Чтобы поднять падающий дух солдат, которые начали терять веру в свою непобедимость, господин майор решил встретить свой последний Новый год с иллюминацией. Разноцветные огни ракет и трассирующих пуль, как серпантин, взлетали над деревушкой, в которую господин майор отошел перед самой встречей Нового года.

Еще вчера они в панике удирали от всепожирающего огня «катюш». А сегодня вдруг решили беззаботно и лихо отпраздновать Новый год в деревне, от которой остались одни обломки.

— Храбрость, что ли, хотят показать? — сказал Петя, вместе с которым мы были вызваны к Ревякину.

— По-моему, просятся в плен, — возразил Ревякин. — Сходите, друзья, проверить, какая у них обстановка.

Мы вышли в разведку.
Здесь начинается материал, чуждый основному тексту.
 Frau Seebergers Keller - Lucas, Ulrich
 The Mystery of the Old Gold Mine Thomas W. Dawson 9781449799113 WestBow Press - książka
Месяц назад мы с боем оставили эту деревню. Здесь нам известен каждый камень. Пробраться среди развалин нам было не сложно, и через полчаса мы уже могли доложить старшему лейтенанту Мирошнику, что и солдаты и офицеры — все пьют.

— Захватим нахалов! — сказал Мирошник, глядя на пьяную иллюминацию позабывших всякую осторожность фашистов.

Ревякин с нашим отделением — с запада, Мирошник с двумя другими отделениями — с юга, приблизившись на расстояние всего сотни метров, ударили разом из пулеметов и с криком «ура», потрясшим всю округу, пошли в атаку. Ошалелые гитлеровцы, прекратив свои упражнения с огоньками, стали без выстрела кричать: «Капут! Капут!»

Немецкие солдаты сидели под каждой развалиной, но вместо того, чтобы отстреливаться, поднимали руки.

И вот Мирошник сидит за новогодним столом, накрытым на подветренной стороне русской печки, в сущности — прямо на улице, потому что избы уже не было, оставались всего две стены, даже без крыши. Впрочем, для новогоднего пиршества обломки были убраны и пол для господ немецких офицеров чисто выметен нижними чинами.

В углу за печкой на этом чистом полу сидели устроители праздника. Неловко согнув колени, все шестеро господ офицеров, протрезвевшие от новизны положения, застенчиво отворачивались от стволов двух автоматов, упорно глядевших в их сторону. Что и говорить, неприятное ощущение, когда на тебя вплотную глядит этот тупой нос. В центре группы сидел сам майор Крюгер и бросал недружелюбные взгляды белесых глаз на нашего старшего лейтенанта.

На темной улице, сгрудившись в темную кучу, как бараны у колодца, сидели пленные немецкие солдаты.

— Мы добровольно сдались… Я сам бросил оружие! Я сам бросил свой автомат! — кричали они Васе Гришину.

— Мы воевать не хотим! Мы вам не враги! — перебивали они друг друга.

В другой группе пленных, охраняемых одним Сергеем, вдруг началась какая-то свалка. Ругались на всех языках Европы.

— Что там у тебя? — спросил я Сергея.

— Рассчитываются, — спокойно ответил он, не сдвинувшись с места.

В центре группы уже лежали на земле двое избитых гитлеровцев. На них указывало множество рук, и многоязычная толпа кричала: «Фашист! Фашист!» Глаза кричавших горели ненавистью.